For the next phase of AI in government, where agencies have begun to scale up pilot projects for wider use, Kent said different C-suite talent across multiple agencies will have to collaborate with each other. That collaboration will also include input from the Chief Data Officers Council, which Kent said was coming soon.

“It’s unlike other technologies, where maybe the acquisition and the IT community worked with it, or the human capital community and the financial management community. But that is not the same,” Kent said.

In the global competition to develop the most sophisticated AI, U.S Chief Technology Officer Michael Kratsios said the country has an advantage because of what he called its “innovation ecosystem.”

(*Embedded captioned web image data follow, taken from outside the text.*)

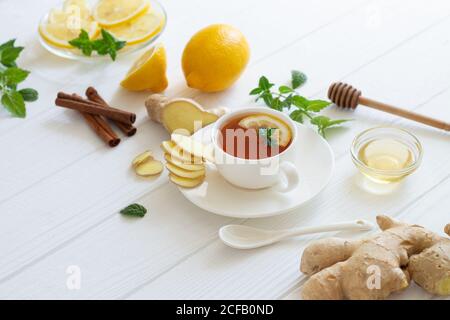 Ingredienti per il tè allo zenzero con limone, miele, menta, cannella su tavola bianca Foto Stock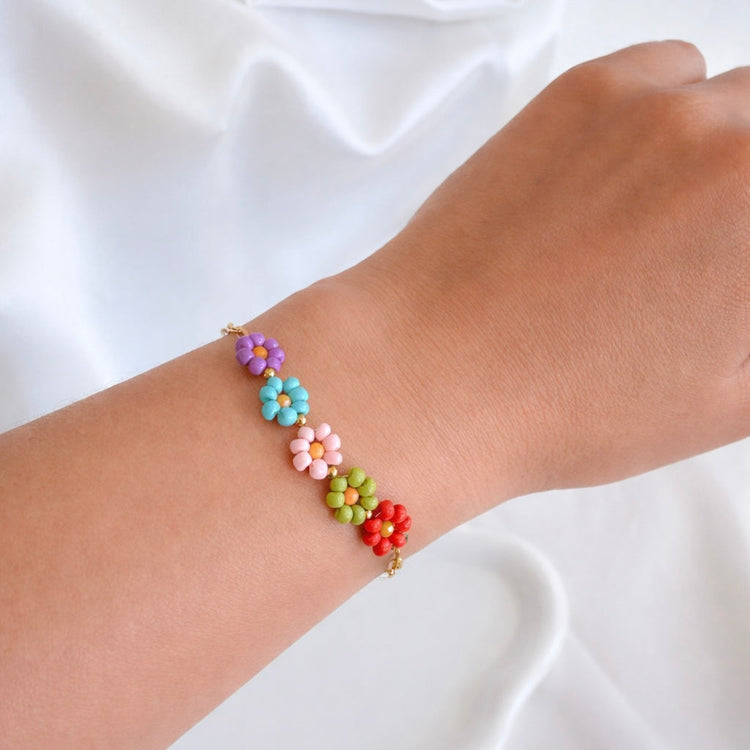Woman wearing the 5 Beaded Daisies Bracelet featuring colorful purple, blue, pink, green, and coral flower beads on a gold chain.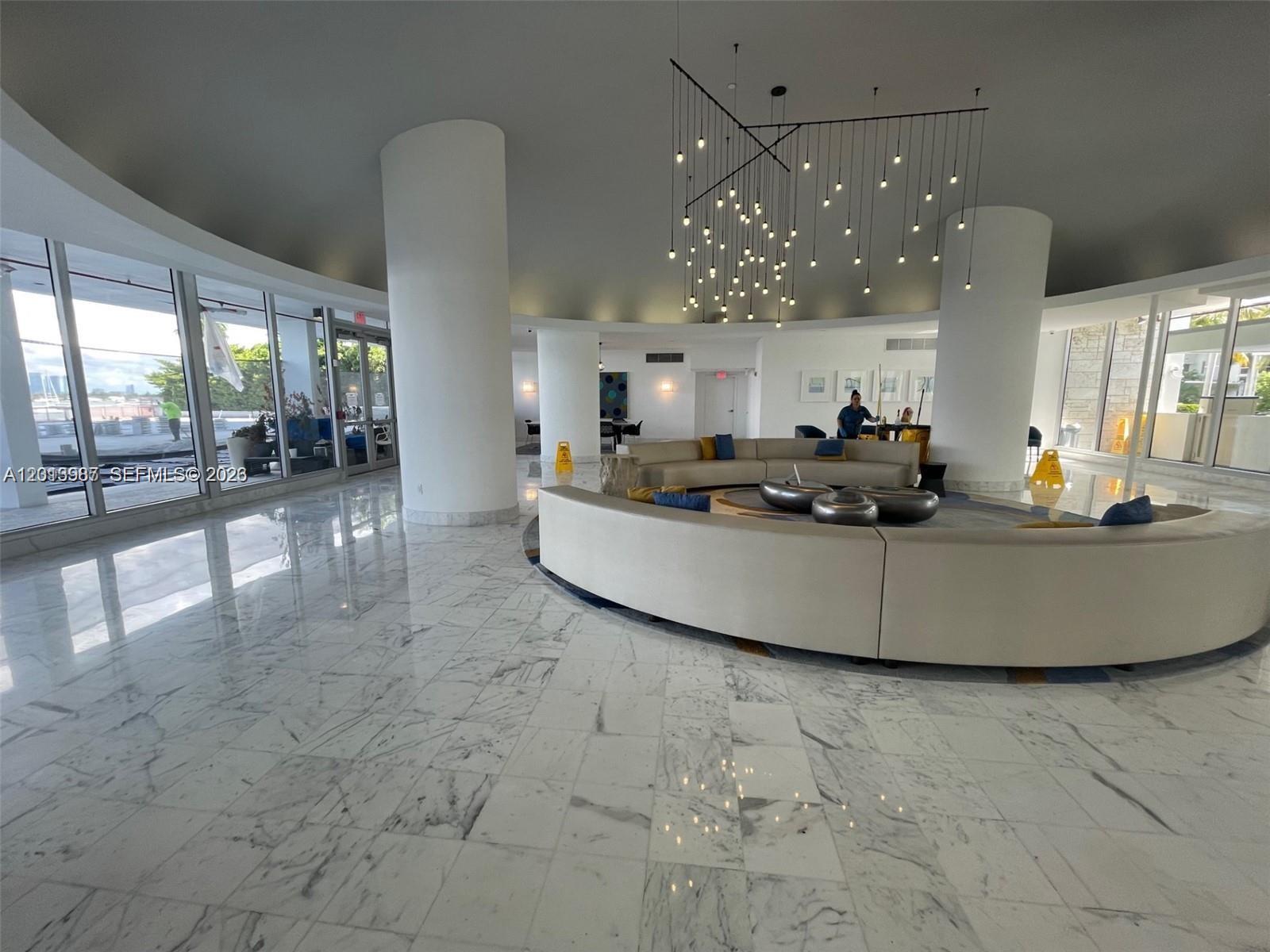 A spacious lobby features a curved sofa, marble flooring, large columns, and a modern chandelier — 1000 West Ave # 1122, Miami Beach FL 33139, MIAMI BEACH, FL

That ecosystem includes research and development from government, the private sector and academia. But Kratsios said it can be hard to coordinate those AI research efforts governmentwide.

“What’s unique about the federal system of driving basic stage research and development is that we don’t have a Ministry of Science. There isn’t just one agency that doles out R&D dollars,” he said. “We have this incredible network of agencies that do a wide variety of extraordinarily different things.”

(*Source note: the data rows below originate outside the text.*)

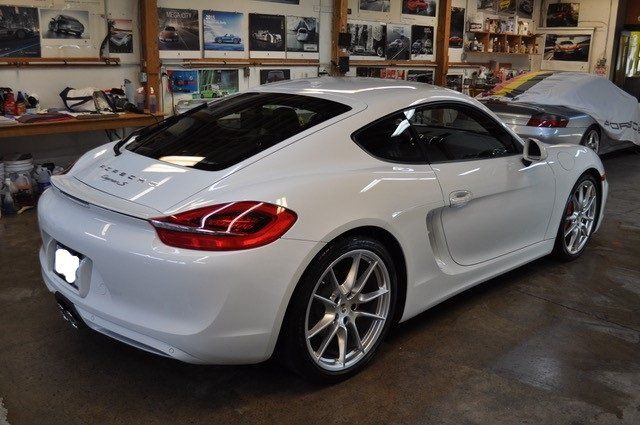 A white porsche is parked in a garage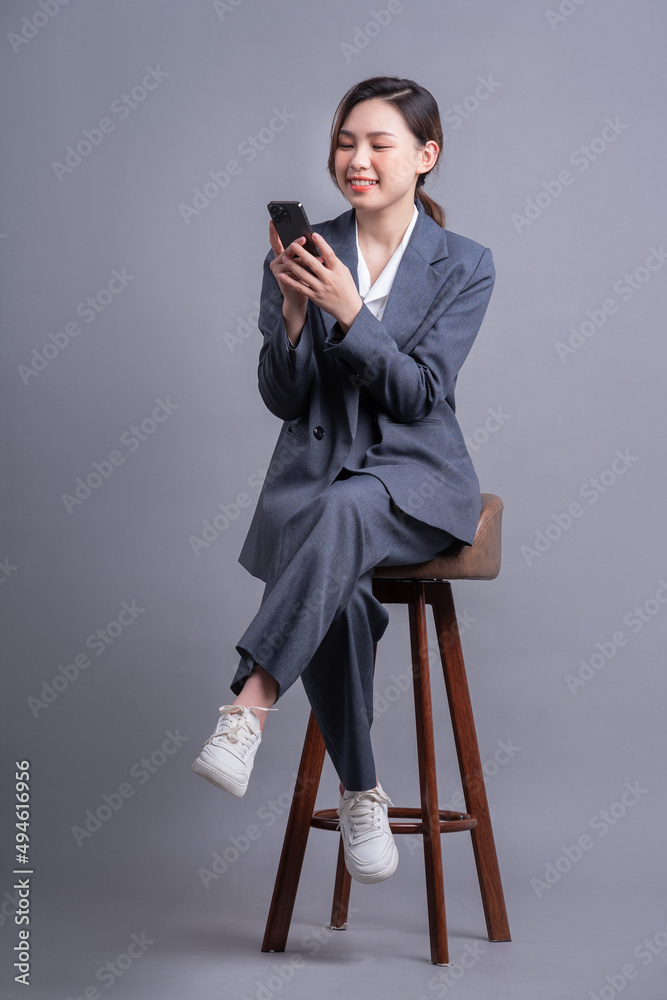 Young Asian businesswoman sitting on chair and using smartphone on gray background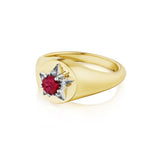 Introducing the America250 Star Signet Ring in Yellow Gold and Platinum: meticulously handcrafted in New York City, this exquisite piece features a central red gemstone set within a striking star-shaped design and accented with small white details. Part of the America250 capsule collection, it is beautifully crafted from 18k yellow gold enhanced with platinum.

That network includes agencies as diverse as the National Science Foundation, the Energy Department, the Agriculture Department’s labs and the Pentagon’s Defense Advanced Research Projects Agency.

“All these different pockets of research have their own sort of strengths and weaknesses and places that they can focus best on,” Kratsios said.

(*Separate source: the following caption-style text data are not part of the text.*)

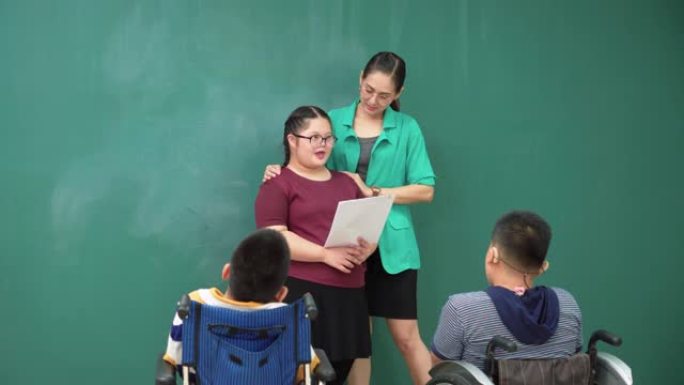 青少年唐氏综合症女孩练习演讲，在轮椅上与残疾学童小组一起阅读纸上演讲，亚洲美女老师站在课堂上鼓励他们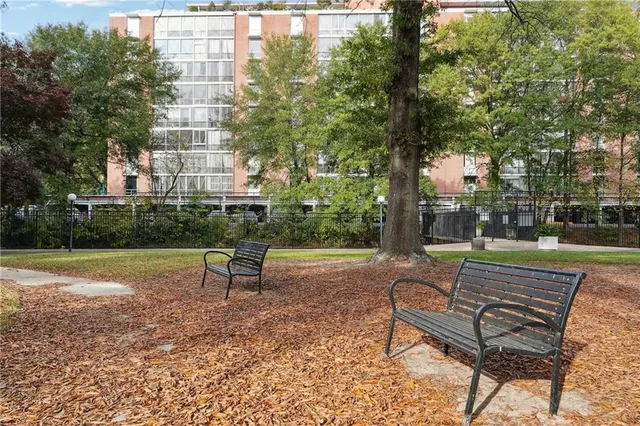 a front view of a house having garden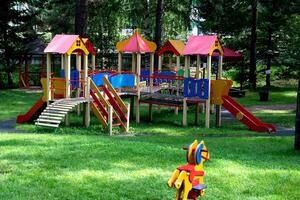 Colorful children's playground in a green park. Community children. photo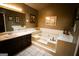 Bathroom featuring a soaking tub, a skylight, and decorative elements at 155 Granby Ln, Fayetteville, GA 30215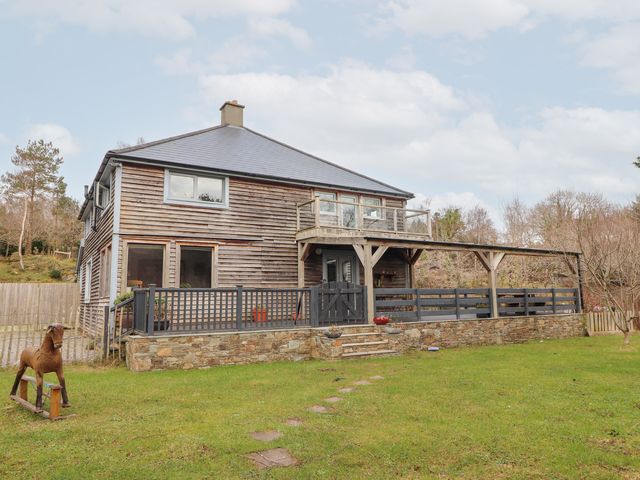 A house with a balcony and garden at Shanti Gher in Bantry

Interagency communications on AI have improved. The Trump administration’s executive order on AI created the Select Committee on Artificial Intelligence panel that brings together the heads of federal research agencies and keeps them in the loop with each other’s work.

The White House Office of Science and Technology Policy also released data in September, showing about $2 billion invested in federal AI research, nearly double what the government spent on AI research just three years ago.

Neil Jacobs, the assistant secretary for Environmental Observation and Prediction, also carrying out the duties of the under secretary of Commerce for Oceans and Atmosphere at NOAA, said his agency generates hundreds of terabytes of data every day.

But in order to get a better handle on all that data, the agency is moving to the cloud and running AI algorithms to get better weather predictions in less time.

“The data that we’re using in the models has a shelf life. If we can’t get that data into the forecast model fast enough, it’s useless, because the forecast models kick off on a certain time,” Jacobs said.

But there are significant challenges to rolling out AI tools as well. Former Intelligence Advanced Research Projects Activity director Jason Matheny, now the director of Georgetown University’s Center for Security and Emerging Technology, said the intelligence community has spent a lot of time looking at ways to use an adversary’s AI tools against them.

“You can get a tank that is covered with a sort of form of digital camouflage, that isn’t visible or detectable by a human observer, but causes in machine learning classifier to think that it’s a school bus,” Matheny said.

Lynne Parker, the assistant director for artificial intelligence at OSTP, said the administration has to walk a careful balance between moving the technology forward and making sure it’s secure.

“You want to get it right, you don’t want to go too far in one extreme. If you’re so afraid to use the technology because something might go wrong, then you’re squashing all of those good benefits,” Parker said. “At the same time, if you only look at the benefits and you’re naïve about ways the technology can lead to some unintended consequences, then cause harm as well.”